PNGMK, what I mean, before the time of easily available PCs, random numbers from white noise were actually available in the printed form in the tables. I am surprised back in 80s you could that easily sample the noise with a receiver and convert it with some sort of DAC with probably needed 16 bit or better resolution and all this real time in a compact device. I am not saying not possible, but I am just surprised. Sounds to me like a challenge for that era, even in 1988. I would think, what was mentioned earlier, or even getting the pseudo numbers from the sound or light ambient noise would be much more optimal solution in any way.

What we actually did was generate an 8 bit random number from a shift register whose timing was a white noise input. The timing was random therefore the out the output was random. To get a bigger number we just added more bits together. This was on a PDP-11 originally and then I ported it to the PC XT platform which from memory was native 8 bit?

[Strong Eagle]

...and then I ported it to the PC XT platform which from memory was native 8 bit?

Going totally OT for the moment... your comment about native 8 bit (which is correct, BTW), reminded me of the perils of thinking that floating point representation covers the real number universe. It doesn't.

Take a 16 bit floating point variable... 5 bits exponent, 1 sign, 10 bits mantissa... this works out to about 4 decimal digits of precision... at higher... or lower... powers, the gaps between the numbers could be significant... so much so that trying to use 16 bit reals for chaos theory calculations or other applications that assume a continuous real domain, leads to all sorts of errors.

[PNGMK]

If you enjoy thinking about bits SE... try to imagine why the Soviets needed a 6 bit ADC that would run at 100MHZ and withstand 500G of accel/deceleration.
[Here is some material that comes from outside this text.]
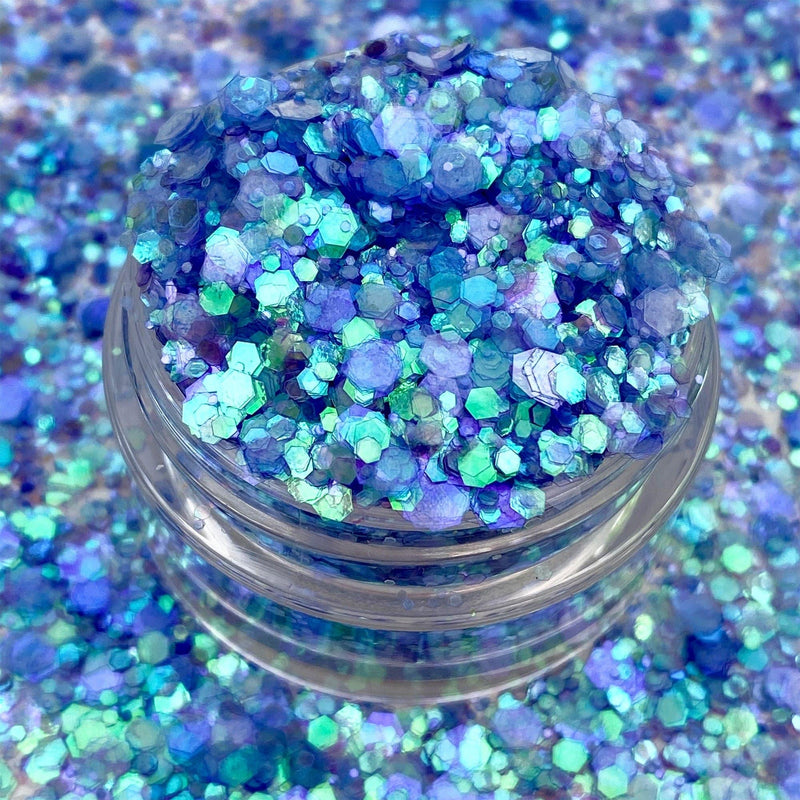 Biodegradable Chunky Glitter 50g Purple Iridescent - Pro GLITZ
https://zeptobars.com/en/read/1107PV3A- ... ADC-soviet

(Zeptobars is a fascinating blog of IC xrays and analysis).

[Strong Eagle]

If you enjoy thinking about bits SE... try to imagine why the Soviets needed a 6 bit ADC that would run at 100MHZ and withstand 500G of accel/deceleration.

https://zeptobars.com/en/read/1107PV3A- ... ADC-soviet

(Zeptobars is a fascinating blog of IC xrays and analysis).
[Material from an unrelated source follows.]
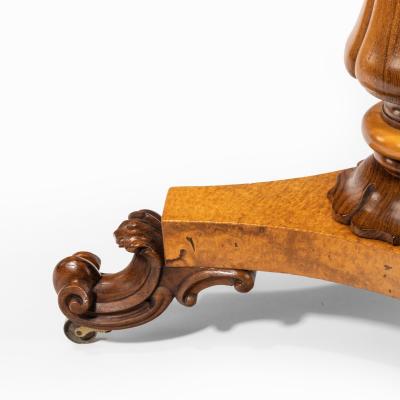 A William IV amboyna and rosewood table jardiniere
This is pretty weird. Only 6 bit so only 64 levels of resolution. A 100MHz ADC means a 50MHZ signal can be digitized, something in the range of an ultrasound device, or maybe... I dunno.

But 500G's... whoa! Almost sounds like this is part of some kind of crash test bed setup... a digital streaming of whatever device is being run into a wall at a high rate of speed.

[Sporkin]

Super secret radio homing artillery guidance?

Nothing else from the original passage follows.